Ese fue el caso con el odio enardecido y absurdo contra Jesús de Nazaret, odio este cuya verdadera razón solo les era conocida a unos pocos pregoneros malintencionados, mientras que todos los demás simplemente se dejaron poseer de un fanatismo ciego y completamente ignorante y se sumaron a los que gritaban sin haber tenido jamás un encuentro personal con Jesús. No menos perdidos están también todos aquellos que por razón de las erróneas opiniones de otras personas Le dieron la espalda y ni siquiera quisieron oír Sus palabras, mucho menos tomarse la molestia de hacer un examen objetivo, con el cual podían finalmente haber llegado a percatarse del valor encerrado en ellas.
Sólo así pudo darse la loca tragedia de que nada menos que el Hijo de Dios fuera acusado de blasfemia y llevado a la cruz, el único que había venido directamente de Dios y les había proclamado la Verdad sobre Dios y Su voluntad.
El suceso es tan grotesco que en él se evidencia con deslumbrante claridad toda la estrechez de los hombres.
Y desde entonces para acá la humanidad no ha progresado interiormente; antes bien, en ese respecto en particular ha retrocedido aún más, pese a todos sus descubrimientos e invenciones en otras áreas.
Lo único que ha progresado, y ello gracias a los aparentes triunfos, es la arrogancia, la cual se ha vuelto con ello más presuntuosa aún.
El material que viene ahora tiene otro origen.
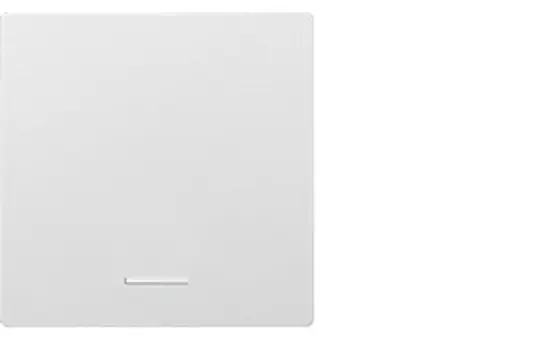 ELTAKO 30055949 Wippe im E-Design55 für Funktaster 55x55 mm | reinweiß glänzend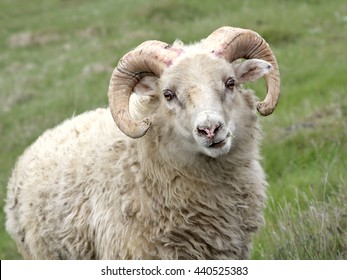 A portrait of an expressive female sheep grazing in Iceland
Y es justo esta arrogancia lo que engendra y alimenta la estrechez; la misma constituye de hecho una señal manifiesta de estrechez.
Y de este suelo que, desde hace dos mil años, se ha vuelto cada vez más fértil es de donde han brotado las actuales opiniones humanas, las cuales tienen un efecto determinante y devastador, mientras que los hombres, sin sospechar nada, se enredan en ellas cada vez más, para su propia perdición, la cual habrá de ser espantosa.
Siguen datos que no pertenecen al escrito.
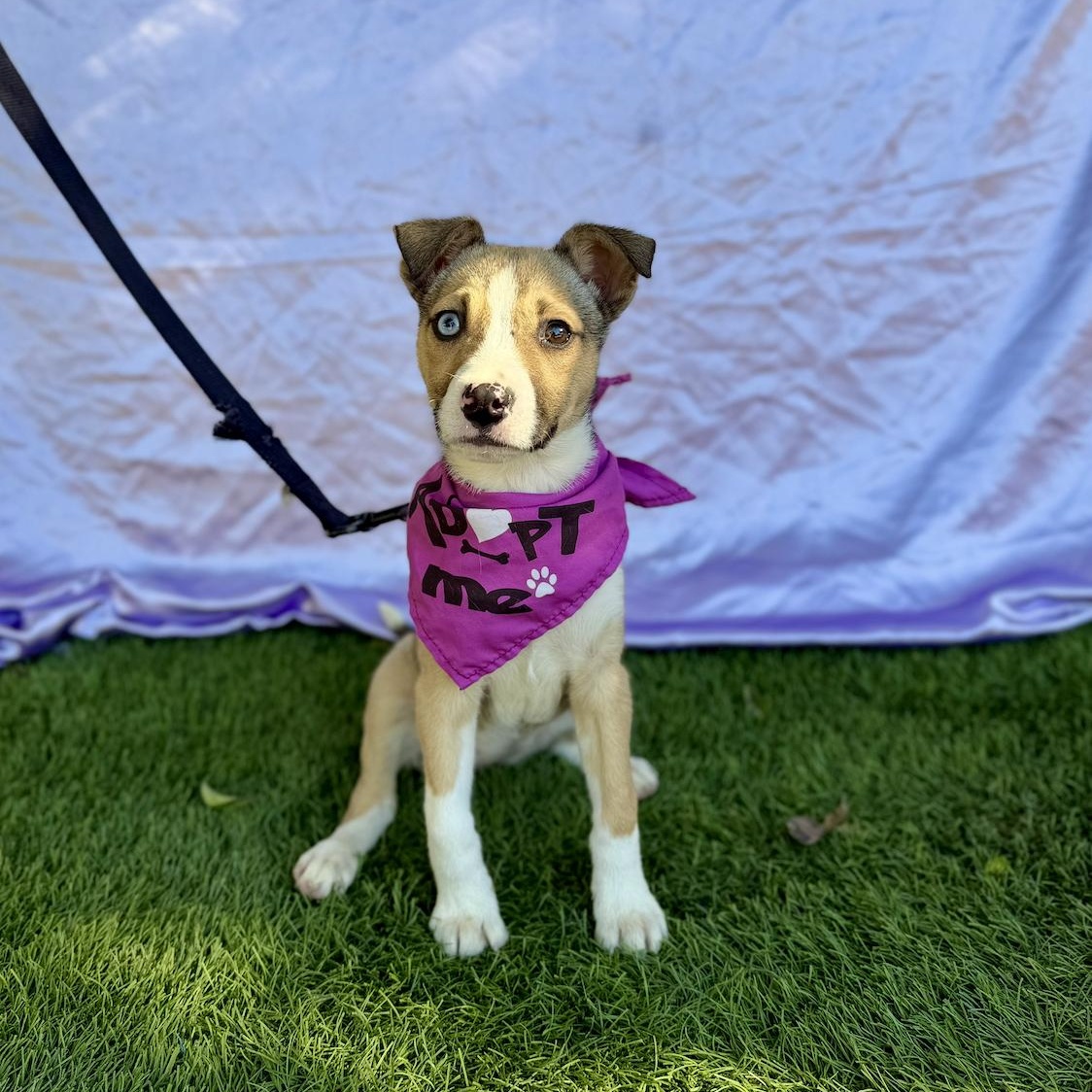 Enlarge FAITH, a ADOPTABLE mixed breed in Rowland Heights, CA image 3/6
Hasta ahora raras son las veces en que alguien se ha percatado de cuando una persona, por causa de concepciones falsas que, en muchos casos, abriga de buena fe, ha atraído hacia sí los efectos perniciosos de alguna corriente recíproca, o sea, ha violado las leyes divinas. Grande es el número de tales personas, y muchas, en descuidada altanería, están incluso orgullosas de ello, hasta que llegue el día en que poseídas de un horror martirizante se vean obligadas a ver la Verdad, la cual es completamente diferente de lo que su convicción les hace creer.
Pero entonces ya es demasiado tarde. La culpa que se han echado a cuestas tiene que ser expiada, a menudo en una lucha consigo mismo que dura décadas y que resulta afanosa.
En el momento en que un hombre desperdicia la favorable oportunidad de la existencia terrenal e incluso se echa a cuestas nuevas culpas, ya sea a sabiendas o por ignorancia, el camino de la comprensión es entonces largo y difícil.
Las disculpas no tienen peso alguno en la cuestión. Cualquiera puede poseer este saber si así lo desea.
Aquel que tenga ganas de por una vez ver en la marcha de los efectos recíprocos la justicia divina, en contraposición a las opiniones terrenales, que se tome el trabajo de contemplar algún ejemplo de la vida terrenal y analizar cuál parte verdaderamente está asistida por la razón y cuál no. Ejemplos de este tipo puede encontrarlos a miles todos los días.
Entonces su propia facultad intuitiva no tardará en fortalecerse y volverse más viva, y en un final acabará desechando todos los prejuicios aprendidos por razón de deficientes modos de ver. Con ello surge una intuición de justicia en la que se puede confiar, ya que la misma, al reconocer todos los efectos recíprocos, acepta la voluntad de Dios y armoniza con ella en su existencia y su operar.